Umweltschutz

Die neue EU-Chemikalienstrategie − Stärkerer EU-Rechtsrahmen zur Bewältigung dringender Umwelt- und Gesundheitsprobleme

Die Europäische Kommission hat im Herbst letzten Jahres die mit Spannung erwartete, neue EU-Chemikalienstrategie veröffentlicht. Den ersten Teil der Strategie haben wir in unserem vorangegangenen Artikel Die neue EU-Chemikalienstrategie − Innovative Lösungen für sichere und nachhaltige Chemikalien behandelt. Die Zusammenfassung des zweiten Punktes „Stärkerer EU-Rechtsrahmen zur Bewältigung dringender Umwelt- und Gesundheitsprobleme“ stellen wir in diesem Artikel dar.

5 Min.

25.02.2021
Fluss mit Fragezeichen

Hintergrund zur Chemikalienstrategie

Die von der Europäischen Kommission (EC) vorgeschlagene chemische Strategie gliedert sich in fünf Teile:

  • innovative Lösungen für sichere und nachhaltige Chemikalien in der EU,
  • stärkerer EU-Rechtsrahmen zur Bewältigung dringender Umwelt- und Gesundheitsprobleme,
  • Vereinfachung und Konsolidierung des Rechtsrahmens,
  • eine umfassende Wissensbasis über Chemikalien und
  • Vorbild für ein weltweites verantwortungsvolles Chemikalienmanagement.

 

Der erste Punkt der Chemikalienstrategie, der in unserem Artikel Die neue EU-Chemikalienstrategie − Innovative Lösungen für sichere und nachhaltige Chemikalien zusammengefasst ist, stellt die Ziele der Strategie dar, nämlich den Schutz der Gesundheit der EU-Bürger sowie den Schutz der Umwelt. In diesem zweiten Artikel werden Ideen der Kommission für den rechtlichen Rahmen vorgestellt, um die Ziele der Strategie sicherzustellen.

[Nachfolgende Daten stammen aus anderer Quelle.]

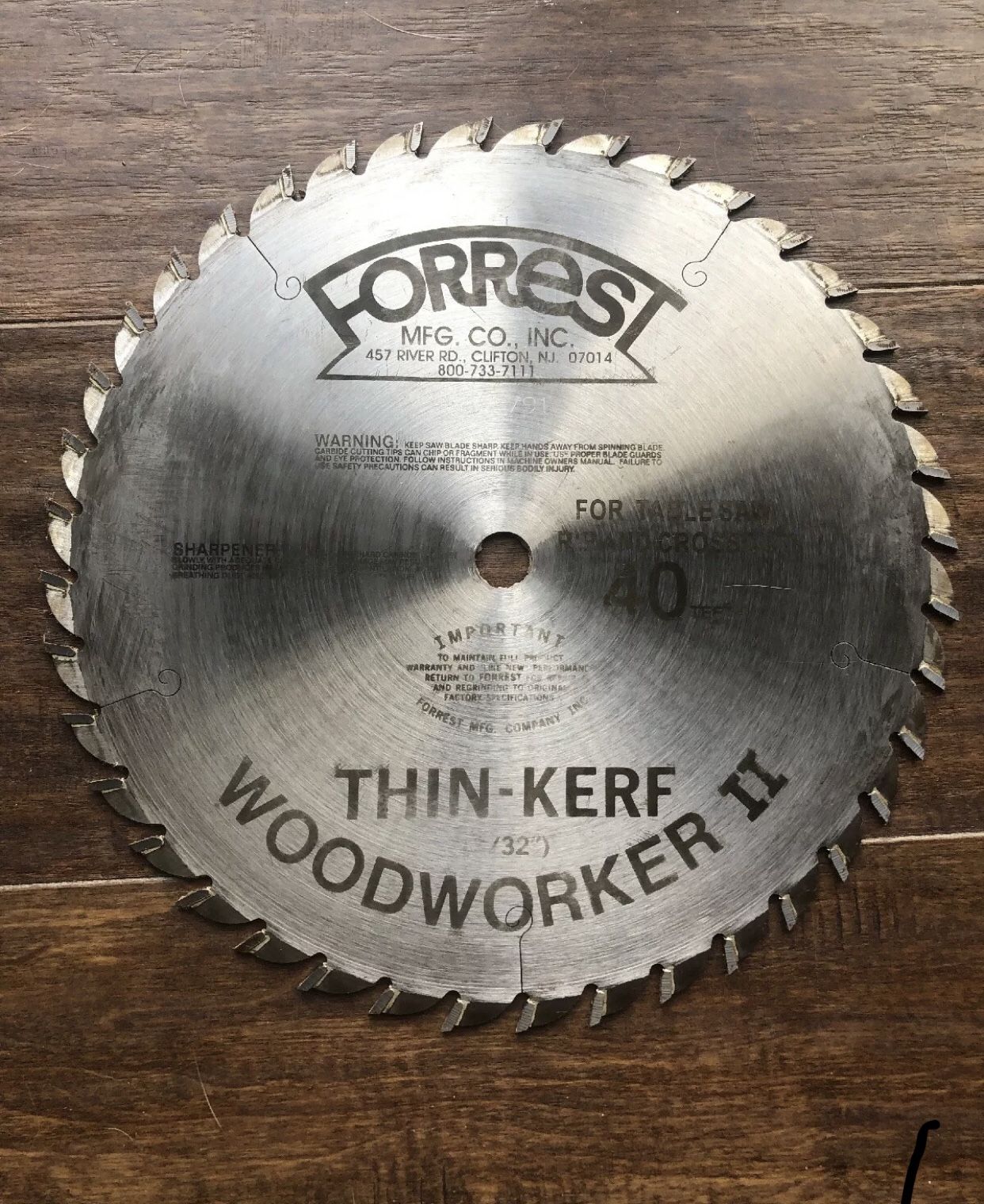 Forrest woodworker II 10” table saw blade thin Kerf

Rechtsrahmen zum Schutz der Gesundheit

Millionen von Arbeitnehmern in der EU sind täglich schädlichen Chemikalien ausgesetzt. Um sicherzustellen, dass Verbraucherprodukte keine CMR-Stoffe (krebserzeugende, keimzellmutagene und reproduktionstoxische Stoffe) enthalten, möchte die Europäische Kommission (EC) das „allgemeine Konzept für das Risikomanagement“ erweitern. Dieses Konzept dient präventiv in allen Rechtsvorschriften (im Gegensatz zum Fall-zu-Fall spezifischen Risikobewertungen). Das Konzept soll auf andere schädliche Chemikalien ausgeweitet werden, z.B. für Chemikalien, die das Immun-, Atmungs- oder Nervensystem schädigen. Bis diese Maßnahme des „allgemeinen Konzeptes für das Risikomanagement“ vorhanden ist, möchte die EC die vorrangige Beschränkung dieser Chemikalien durch Gruppierung und nicht durch individuelle Regulierung vornehmen. Das heißt, dass ganze Stoffgruppen, die sich in der Struktur ähneln, gemeinsam beschränkt werden sollen.

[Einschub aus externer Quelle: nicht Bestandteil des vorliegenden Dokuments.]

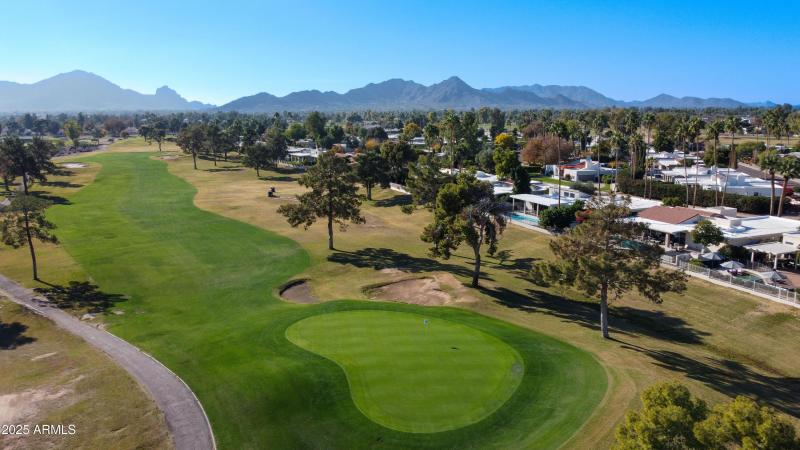 Drone of walking path and golf course
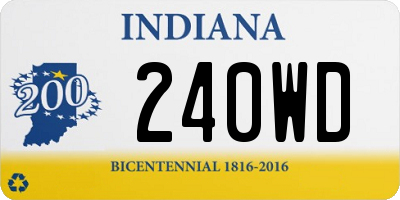 IN license plate 240WD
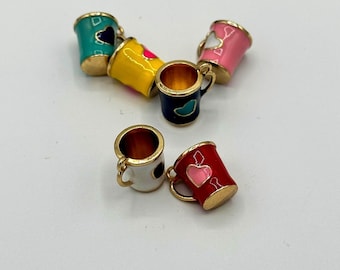 Gold & Colourful Enamel Tea Coffee Mug Charm Pendant From Alice’s Adventures In Wonderland - Set of Six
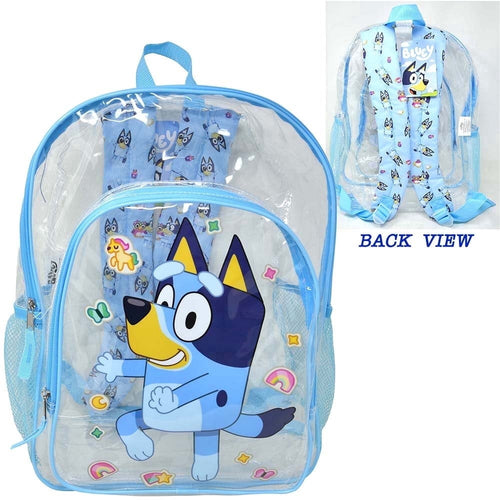 Bluey 16" Clear Backpack for Kids, Transparent Bag with Side Mesh Pockets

Ein wichtiger und recht konkreter Punkt dieser Strategie ist es, endokrine Disruptoren mit rechtsverbindlichen Gefahrenkennzeichnungen zu versehen und diese Chemikalien in die Kategorie der besonders besorgniserregenden Stoffe aufzunehmen. Somit sollen EU-Bürger in der Lage sein, Produkte zu erkennen, die schädlich auf den menschlichen Hormonhaushalt wirken.

Die Diskussion um endokrine Disruptoren wird schon seit einigen Jahren geführt und das in vielen Rechtgebieten (REACH, Biozide, Pflanzenschutz usw.) Hier wäre eine Vereinheitlichung innerhalb der Rechtsbereiche sehr wünschenswert. Es benötigt genaue Definitionen, die in allen Rechtsgebieten gelten sowie Teststrategien und festgelegte Kriterien, mit denen sich ein endokriner Disruptor identifizieren lässt. Erst dann ist eine Gefahrenkennzeichnung sinnvoll, denn eine Änderung des GHS-Systems würde zu riesigen Aufwänden führen.

Ein weiteres Thema sind die Wechselwirkungen bei Gemischen. Bisher werden in REACH ausschließlich Stoffe getestet und bewertet. Aber die EU möchte seine EU-Bürger auch vor Gefahren bei Gemischen von Chemikalien schützen. Da Chemikalien jedoch einzeln und nicht in Kombination mit anderen Chemikalien bewertet werden, ist wenig bis gar nichts über ihre kombinierten Wirkungen bekannt. Um dies zu ändern, möchte die Kommission einen Weg finden, Extrapolationsfaktoren für Gemische zur Bewertung der chemischen Sicherheit in die REACH-Verordnung aufzunehmen. Die Kombinationseffekte von Chemikalien in anderen relevanten Rechtsvorschriften (Wasser, Kosmetika, Reinigungsmittel usw.) sollen stärker berücksichtigt werden. Mit dieser Maßnahme soll dafür gesorgt werden, dass der Umgang mit Gemischen von Chemikalien sicherer wird.

Rechtliche Rahmenbedingungen zum Schutz der Umwelt

Gefährliche Chemikalien können sowohl die Gesundheit von EU-Bürgern als auch die Umwelt dauerhaft beeinflussen. Besonders bei persistenten und bioakkumulierbaren Chemikalien gibt es nicht ersichtliche und gravierende Folgen für die Umwelt. Hierbei handelt es sich um Stoffe, die nicht abgebaut und deswegen angereichert werden. Dies kann nicht nur zum Aussterben von Tieren führen, sondern auch dazu, dass diese Chemikalien in unserer Nahrungskette vorkommen und uns ebenfalls Schaden zufügen. Daher möchte die Europäische Kommission Maßnahmen ergreifen, um speziell diese umweltschädlichen Chemikalien besser zu regulieren. Hierzu schlägt die EC vor, neue Gefahrenklassen und -kriterien in die CLP-Verordnung aufnehmen, um Umwelttoxizität, -persistenz, -mobilität und -bioakkumulation anzugehen.